Kent has been awarded a contract to help train BBC journalists at postgraduate level as part of the corporation’s growing apprenticeships programme.
Following a competitive public tendering process, the University’s Centre for Journalism has been chosen as the Learning Provider for the Level 7 Senior Journalist Apprenticeship, developing the skills of graduate- and postgraduate-level journalists as they begin their careers across various divisions of the BBC.
The initial three-year contract means that the apprentices – the first 14 of whom will start in January 2022 – will spend 20 per cent of their working week learning with Centre for Journalism academic staff in preparation for their final senior apprenticeship assessments with the National Council for the Training of Journalists. The Centre for Journalism team, based on the University’s Medway campus, will also prepare apprentices for their National Qualification in Journalism as part of their training.
The BBC Senior Journalist Apprenticeship replaces the corporation’s Journalism Training Scheme, which has run since 2007 and has been widely acknowledged as one of the industry’s most respected schemes for graduate-level journalists.
Ian Reeves, Head of the Centre for Journalism, said: ‘We are delighted to have won one of the most significant training contracts in the journalism industry. It’s great to know that our commitment to teaching ethically-grounded modern journalism skills – whether to apprentices or students on our NCTJ-accredited BA and MA courses – is valued so highly. Journalism is a cornerstone of the nation’s culture, and we’re really looking forward to playing our part in developing some of its stars of the future.’

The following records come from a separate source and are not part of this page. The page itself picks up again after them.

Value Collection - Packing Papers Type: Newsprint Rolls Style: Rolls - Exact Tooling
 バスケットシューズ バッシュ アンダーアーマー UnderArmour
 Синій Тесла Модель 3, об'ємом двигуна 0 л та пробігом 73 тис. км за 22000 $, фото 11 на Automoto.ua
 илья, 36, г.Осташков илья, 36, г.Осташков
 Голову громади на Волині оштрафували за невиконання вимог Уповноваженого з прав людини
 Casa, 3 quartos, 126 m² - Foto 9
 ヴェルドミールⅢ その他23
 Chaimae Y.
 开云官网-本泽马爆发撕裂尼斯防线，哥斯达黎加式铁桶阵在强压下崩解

The journalist apprentices will be placed at various divisions within the BBC during their two-year placements, including in News, Sport, Scotland and Wales.

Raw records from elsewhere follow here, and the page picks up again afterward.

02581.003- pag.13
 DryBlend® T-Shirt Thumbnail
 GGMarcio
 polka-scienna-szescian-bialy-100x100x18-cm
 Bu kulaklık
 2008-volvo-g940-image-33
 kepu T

Daniell Morrisey, Editorial Portfolio Manager for the BBC, said: ‘The BBC has trained over 120 new entrants through our existing Level 3 Journalism Apprenticeship and we’re delighted to complement the programme with the new postgraduate level 7. We look forward to developing the programme as part of our portfolio and ambitious plans to reach 1,000 apprentices across the BBC by 2025.’
Joanne Butcher, chief executive of the National Council for the Training of Journalists, said: ‘We are delighted this contract has been won by one of our flagship award-winning centres and a university that was a pioneer of NCTJ broadcast qualifications. We look forward to working in partnership with the BBC and the journalism team at the University of Kent to make the new journalist apprenticeship and NQJ a success.’